“Dermatologicamente testato.” “Ipoallergenico.” “Clinicamente provato.” Claim che troviamo su qualsiasi confezione, dal prodotto mass market al brand premium. Ma cosa significano dal punto di vista normativo? E soprattutto: chi certifica che un cosmetico è davvero sicuro?
La risposta non è nel marketing. È in un processo regolatorio preciso, obbligatorio e spesso poco conosciuto anche da chi lavora nel settore.
Il quadro normativo di riferimento
In Europa la sicurezza cosmetica è disciplinata dal Regolamento CE 1223/2009, entrato in vigore nel 2013 e aggiornato periodicamente con regolamenti delegati che modificano gli allegati sulle sostanze vietate, soggette a restrizione o autorizzate. Non è un quadro statico — le restrizioni cambiano, i limiti vengono rivisti, nuove sostanze entrano negli allegati regolamentati.
Il regolamento stabilisce che ogni cosmetico immesso sul mercato europeo deve aver superato una valutazione della sicurezza formalizzata, redatta da una figura qualificata e inclusa in un fascicolo tecnico strutturato. Non è una raccomandazione: è un obbligo di legge che si applica a qualsiasi prodotto, indipendentemente dalle dimensioni dell’azienda che lo commercializza.
Chi firma la valutazione di sicurezza
Il Safety Assessor — o valutatore della sicurezza cosmetica — è la figura responsabile della valutazione tossicologica del prodotto. Le sue qualifiche sono definite dall’Allegato I del Regolamento: deve avere un diploma in farmacia, tossicologia, medicina, dermatologia o disciplina analoga, con esperienza documentata nel campo della sicurezza cosmetica.
La valutazione che redige analizza ogni ingrediente della formula in relazione alla sua concentrazione d’uso, alla via di esposizione (cutanea, orale accidentale, inalatoria), al profilo del consumatore esposto — adulto, bambino, pelle compromessa — e alle condizioni d’uso del prodotto.
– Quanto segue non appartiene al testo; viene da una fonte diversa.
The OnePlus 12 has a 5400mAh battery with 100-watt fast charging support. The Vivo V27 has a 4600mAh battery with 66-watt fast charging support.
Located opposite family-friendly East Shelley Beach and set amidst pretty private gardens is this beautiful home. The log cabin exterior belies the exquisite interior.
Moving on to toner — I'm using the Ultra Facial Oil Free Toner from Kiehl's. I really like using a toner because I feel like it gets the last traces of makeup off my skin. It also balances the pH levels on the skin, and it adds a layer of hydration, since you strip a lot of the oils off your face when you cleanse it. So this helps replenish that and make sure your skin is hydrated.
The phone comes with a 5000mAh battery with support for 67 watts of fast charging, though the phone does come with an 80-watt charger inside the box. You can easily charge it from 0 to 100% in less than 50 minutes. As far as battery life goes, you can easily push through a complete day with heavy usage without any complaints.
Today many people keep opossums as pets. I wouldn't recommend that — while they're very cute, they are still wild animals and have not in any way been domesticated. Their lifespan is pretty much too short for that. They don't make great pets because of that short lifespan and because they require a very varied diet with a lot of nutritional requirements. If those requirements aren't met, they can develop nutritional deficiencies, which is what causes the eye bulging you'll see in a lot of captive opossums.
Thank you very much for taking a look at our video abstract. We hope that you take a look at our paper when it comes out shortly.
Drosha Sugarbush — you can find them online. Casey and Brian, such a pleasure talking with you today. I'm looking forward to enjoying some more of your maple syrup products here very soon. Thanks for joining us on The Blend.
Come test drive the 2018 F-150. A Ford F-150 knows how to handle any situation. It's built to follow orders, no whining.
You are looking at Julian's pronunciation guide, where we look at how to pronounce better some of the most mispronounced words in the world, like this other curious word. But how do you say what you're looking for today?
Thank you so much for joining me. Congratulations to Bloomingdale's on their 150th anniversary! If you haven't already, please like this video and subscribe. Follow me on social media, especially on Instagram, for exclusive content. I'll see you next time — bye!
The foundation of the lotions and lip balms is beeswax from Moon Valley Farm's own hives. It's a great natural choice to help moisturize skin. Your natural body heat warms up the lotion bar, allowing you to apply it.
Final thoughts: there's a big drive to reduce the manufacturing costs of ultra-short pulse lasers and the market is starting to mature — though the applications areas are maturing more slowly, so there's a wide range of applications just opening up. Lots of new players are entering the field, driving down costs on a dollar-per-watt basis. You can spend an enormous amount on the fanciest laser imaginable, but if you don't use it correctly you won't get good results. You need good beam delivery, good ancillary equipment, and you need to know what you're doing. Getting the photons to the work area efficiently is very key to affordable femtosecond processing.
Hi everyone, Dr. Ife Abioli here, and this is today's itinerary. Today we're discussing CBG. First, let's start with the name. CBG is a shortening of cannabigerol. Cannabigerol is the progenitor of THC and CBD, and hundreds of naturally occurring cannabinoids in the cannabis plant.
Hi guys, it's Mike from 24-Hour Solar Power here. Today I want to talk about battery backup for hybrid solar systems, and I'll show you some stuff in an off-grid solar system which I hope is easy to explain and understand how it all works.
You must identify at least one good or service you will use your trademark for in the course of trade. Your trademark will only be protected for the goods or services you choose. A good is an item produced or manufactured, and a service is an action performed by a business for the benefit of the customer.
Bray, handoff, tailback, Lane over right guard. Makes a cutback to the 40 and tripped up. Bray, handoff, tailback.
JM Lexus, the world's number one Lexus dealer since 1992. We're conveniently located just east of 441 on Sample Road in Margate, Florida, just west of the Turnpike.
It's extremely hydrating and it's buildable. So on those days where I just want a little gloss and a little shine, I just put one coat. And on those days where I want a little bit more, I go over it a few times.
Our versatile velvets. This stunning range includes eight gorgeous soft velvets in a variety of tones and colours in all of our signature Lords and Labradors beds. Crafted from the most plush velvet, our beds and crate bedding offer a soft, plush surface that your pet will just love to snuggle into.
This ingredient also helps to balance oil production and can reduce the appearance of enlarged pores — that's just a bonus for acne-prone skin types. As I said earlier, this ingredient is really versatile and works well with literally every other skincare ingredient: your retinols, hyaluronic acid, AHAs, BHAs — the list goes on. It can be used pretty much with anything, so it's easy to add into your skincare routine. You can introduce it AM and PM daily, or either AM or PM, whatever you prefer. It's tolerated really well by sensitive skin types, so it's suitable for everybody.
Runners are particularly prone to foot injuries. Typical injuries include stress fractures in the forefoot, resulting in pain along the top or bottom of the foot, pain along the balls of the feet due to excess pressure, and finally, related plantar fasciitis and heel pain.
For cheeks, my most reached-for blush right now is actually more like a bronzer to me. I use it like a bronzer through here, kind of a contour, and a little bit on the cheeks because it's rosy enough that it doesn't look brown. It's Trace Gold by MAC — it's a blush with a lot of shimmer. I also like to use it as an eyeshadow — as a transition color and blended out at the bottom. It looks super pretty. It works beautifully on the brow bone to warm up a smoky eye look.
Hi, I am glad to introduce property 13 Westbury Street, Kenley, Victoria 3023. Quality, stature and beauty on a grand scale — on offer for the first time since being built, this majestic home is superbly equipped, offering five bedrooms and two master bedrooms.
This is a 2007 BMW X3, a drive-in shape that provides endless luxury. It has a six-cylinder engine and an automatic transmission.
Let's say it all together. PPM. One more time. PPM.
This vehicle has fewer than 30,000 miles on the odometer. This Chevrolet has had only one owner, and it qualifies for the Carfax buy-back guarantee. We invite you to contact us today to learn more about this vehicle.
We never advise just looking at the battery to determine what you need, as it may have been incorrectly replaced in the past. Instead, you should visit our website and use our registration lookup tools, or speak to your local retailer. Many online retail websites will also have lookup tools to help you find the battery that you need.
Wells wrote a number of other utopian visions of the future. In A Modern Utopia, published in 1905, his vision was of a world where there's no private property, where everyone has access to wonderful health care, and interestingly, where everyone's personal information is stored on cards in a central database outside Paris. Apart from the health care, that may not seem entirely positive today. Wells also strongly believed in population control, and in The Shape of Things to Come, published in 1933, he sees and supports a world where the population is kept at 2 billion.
Il documento finale deve contenere sia la parte A (informazioni sulla sicurezza) che la parte B (valutazione vera e propria con conclusioni e firma). Senza questo documento completo e firmato, il prodotto non può essere legalmente commercializzato.
Il PIF: struttura e contenuti
Il Product Information File è il fascicolo tecnico che ogni responsabile dell’immissione sul mercato deve mantenere aggiornato per tutta la durata della commercializzazione del prodotto, e per i dieci anni successivi all’ultima vendita. Non viene consegnato preventivamente a nessun ente: deve essere disponibile su richiesta delle autorità competenti — in Italia, tipicamente il Ministero della Salute o le ASL in caso di ispezione.
Il contenuto minimo del PIF è definito dall’Articolo 11 del Regolamento e comprende: descrizione del prodotto, la relazione sulla sicurezza cosmetica (parte A e B), descrizione del metodo di fabbricazione e dichiarazione di conformità alle GMP, prove degli effetti dichiarati dove applicabile, dati sulle sperimentazioni animali. Qualsiasi difformità o lacuna in uno di questi elementi rende il PIF non conforme — e il prodotto tecnicamente irregolare sul mercato.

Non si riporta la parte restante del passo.